» **MATERIAL SHOWN**

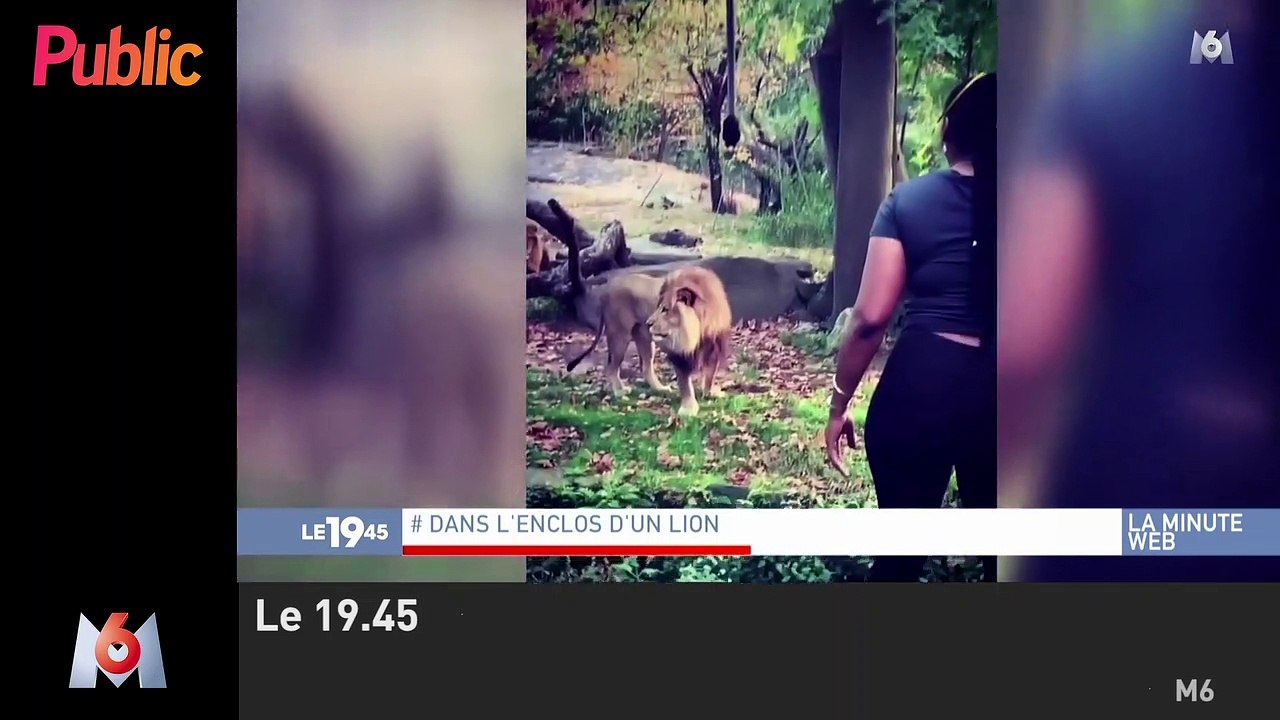 Zapping : Une femme s’introduit dans l’enclos d’un lion !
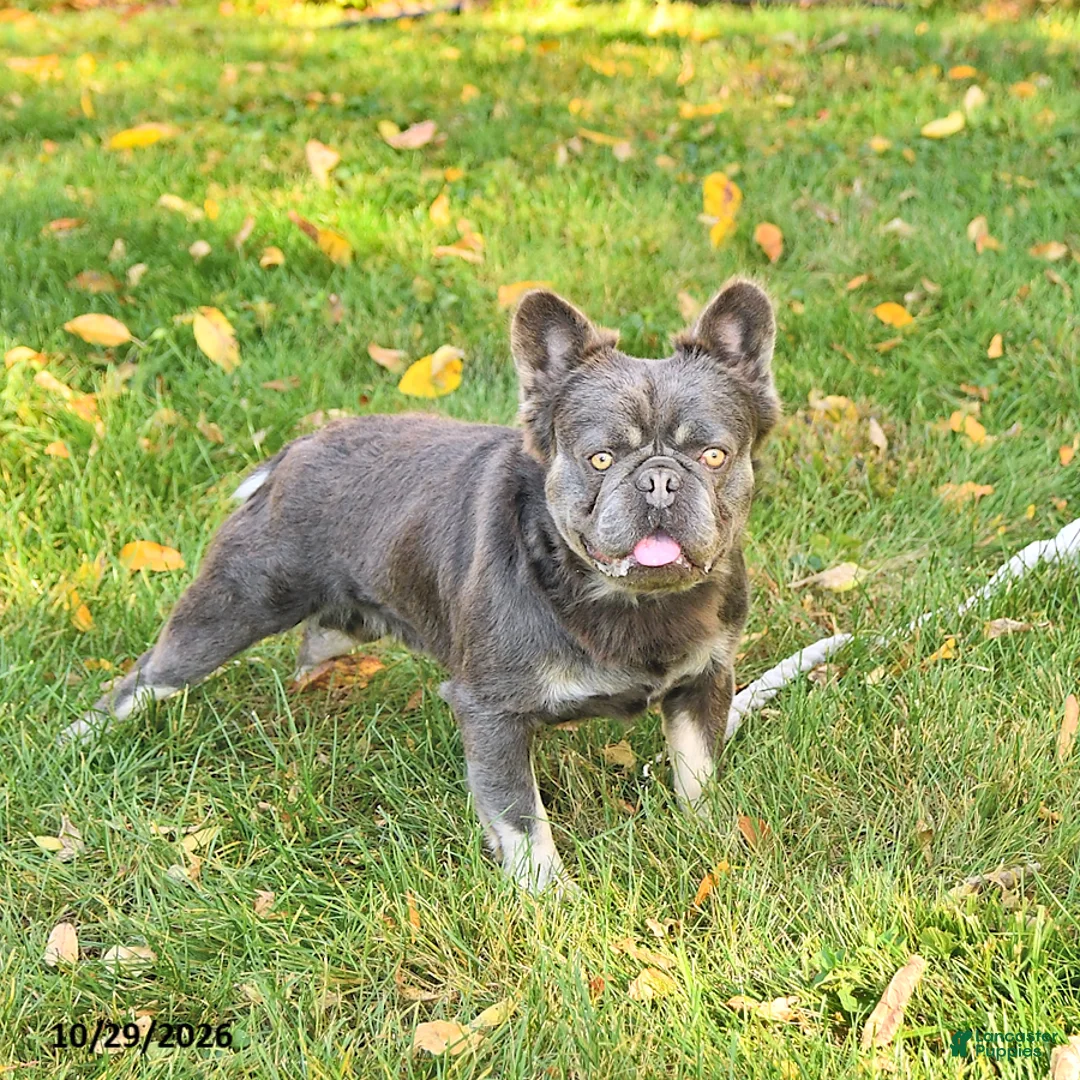 French Bulldog dogs for sale: Ava  - Ad 7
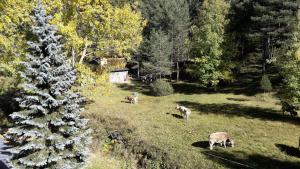 RB La Molina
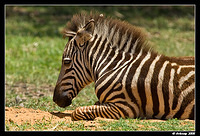 zebra foal 642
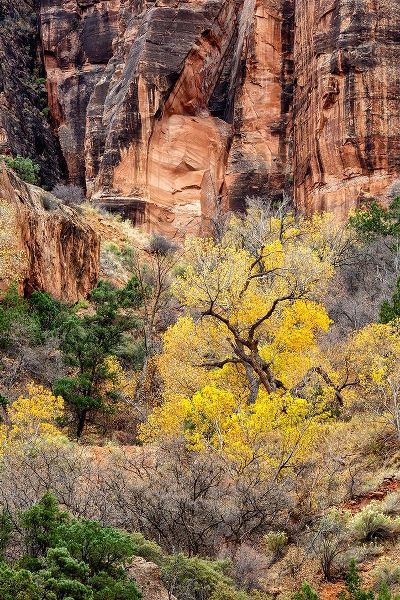 Utah-Zion National Park-Autumn color high above the canyon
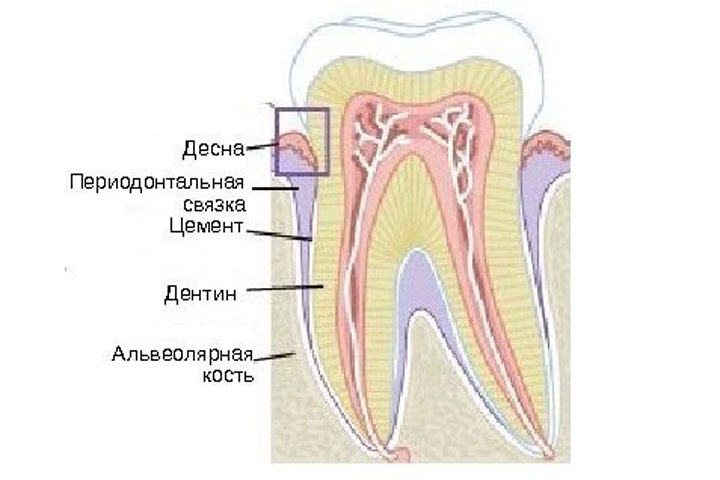 Строение зуба периодонт цемент. Ткани зуба периодонт строение. Связки периодонта анатомия.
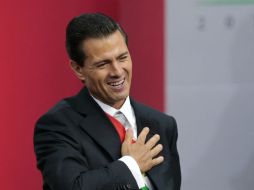 Durante la Cumbre Global de la Alianza en la Ciudad de México en octubre, Peña Nieto pedirá a 65 países que suscriban el acuerdo. EFE / ARCHIVO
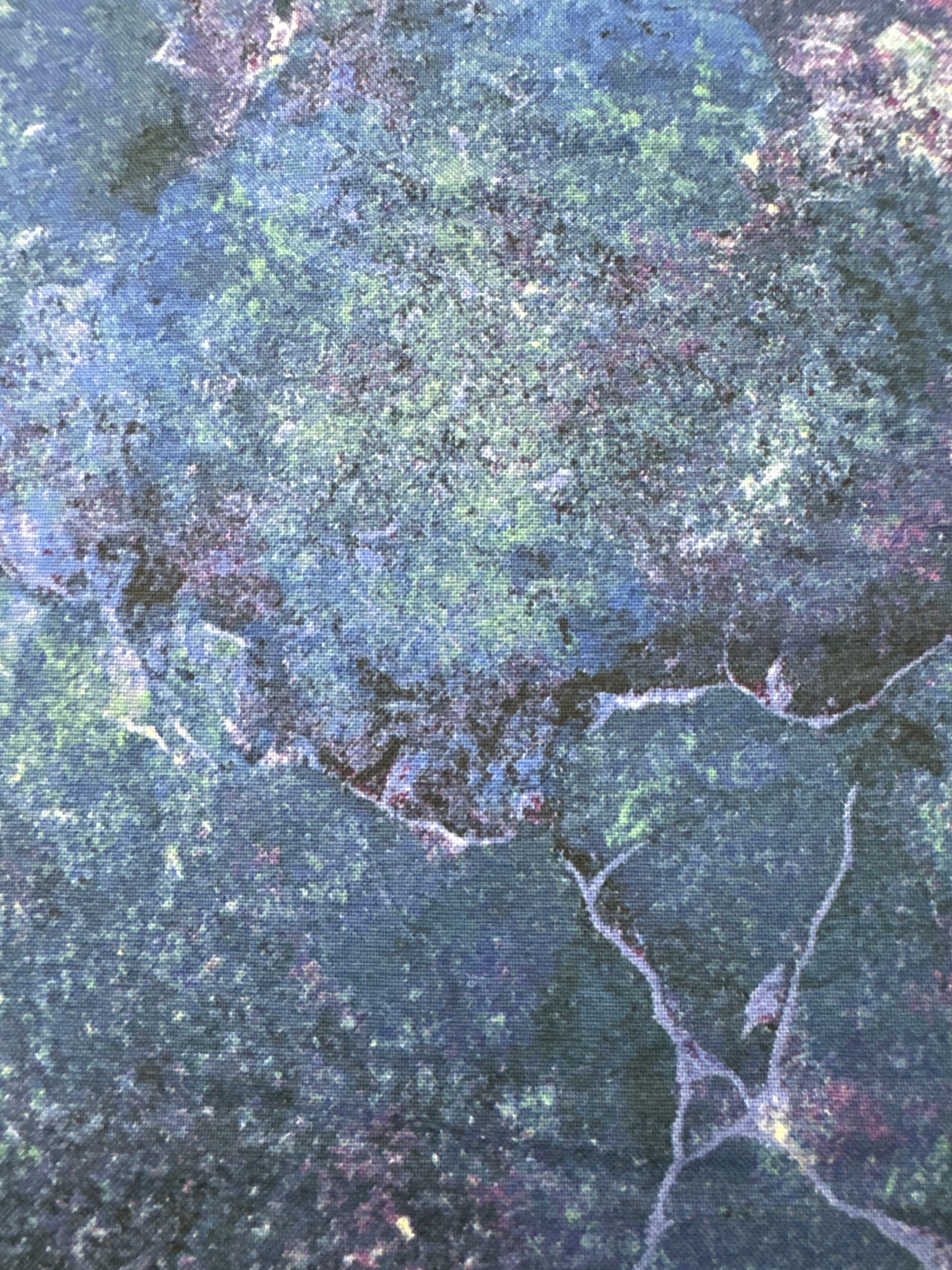Stonehenge Gradations II Quartz Twilight blender quilting fabric by Northcott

» **PROBLEM STATEMENT**
Reproduce the lines above starting at the one with "Utah-Zion National Park-Autumn" and ending at the one with "Durante la Cumbre", both included, exactly and with no pictures.

» **RESULT FOR THIS EXERCISE**
 Utah-Zion National Park-Autumn color high above the canyon
 Строение зуба периодонт цемент. Ткани зуба периодонт строение. Связки периодонта анатомия.
 Durante la Cumbre Global de la Alianza en la Ciudad de México en octubre, Peña Nieto pedirá a 65 países que suscriban el acuerdo. EFE / ARCHIVO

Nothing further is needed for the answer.